"Well, what would you do?" he said, still holding her from him.
"I would make you what you should be: a personage—not a wanderer," she said with extraordinary energy. "I'd make your home a court; I'd show you what it meant to step into your box at the opera and have the feeling that every eye in the house turned to you. You want to do great things—but you want to feel that you have done great things, that others are impressed by them, envy and look up to you. You want that stimulus and there is only one way to get it. Take your place in society, where you belong among the great figures."
"I find my own stimulus," he said, looking at her.

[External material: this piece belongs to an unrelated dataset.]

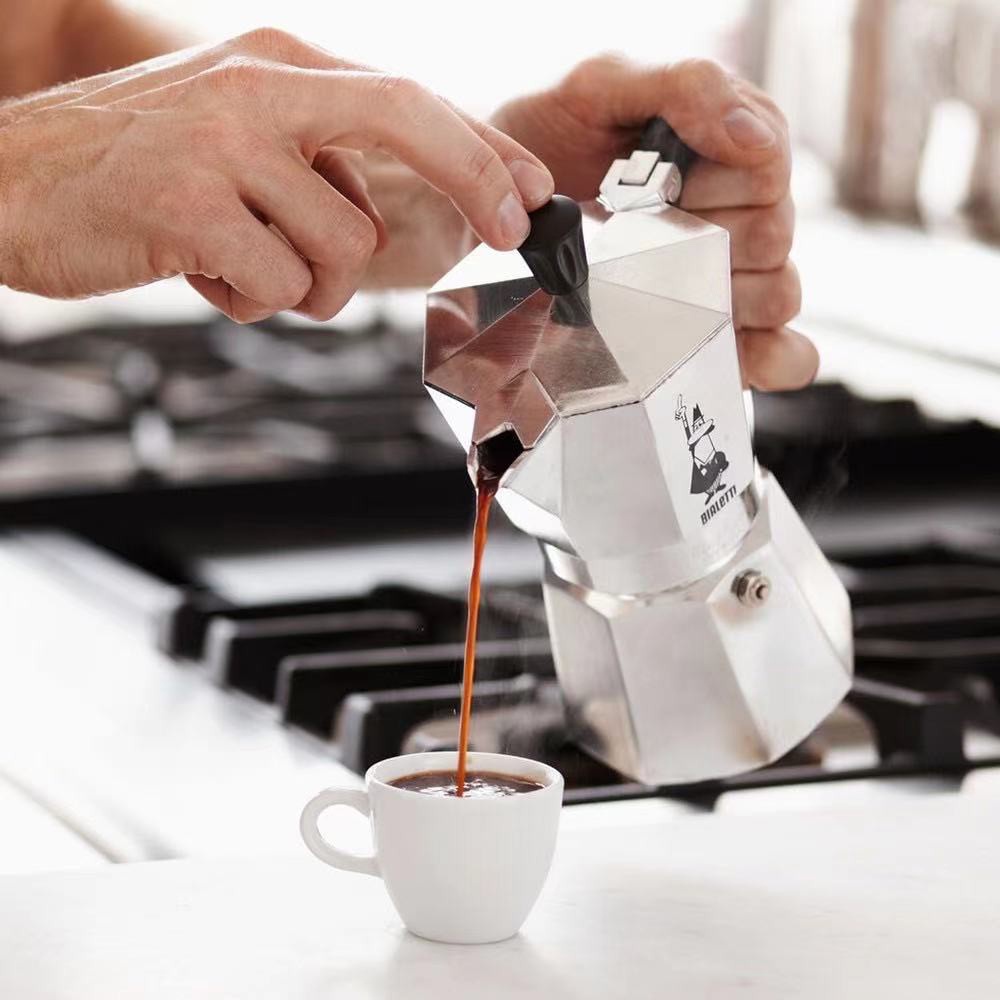 Ấm Moka Bialetti Express - ấm pha cà phê nhập khẩu Italia(3,4,6 Cup)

"Listen, John Slade," she said furiously. "You think because you have always done what you want with women that that will continue. It won't. You are at a dangerous age. You have depended upon women; you cannot shake it off. The day will come when you'll be caught as every man is who plays beyond his youth and strength. Women will either hinder you or push you on. Make up your mind now. Which do you want?"
"I want you!" he said, suddenly caught by her words that came as an answer to his new view of himself; and violently, characteristically, he added, enfolding her: "And when I want a thing, I want it now! Get your wraps on. We're going over to Jersey now and get married."
"No, no," she said firmly though her heart was beating so that she thought he must hear it.
"You've got me. I never expected it, but I've got to have you," he said and brutally, without thinking whether he hurt her or not, he forced her head up to his. She did not resist, intoxicated, carried away by her absolute helplessness in his arms. Then, confident, he renewed his demand that they should be married that night, at once.
"No, no," she said, disengaging herself, and though all her natural being responded to his demand, her intellectual self conquered, knowing full well that beyond winning him, she must always maintain over him a certain moral superiority. "No. To do what I want to do, we must not give any one the slightest occasion to talk. Such an act as this would be suicidal."
"When then?" he said furiously.
"Announce our engagement tomorrow," she said, "and in a week we can be married very quietly."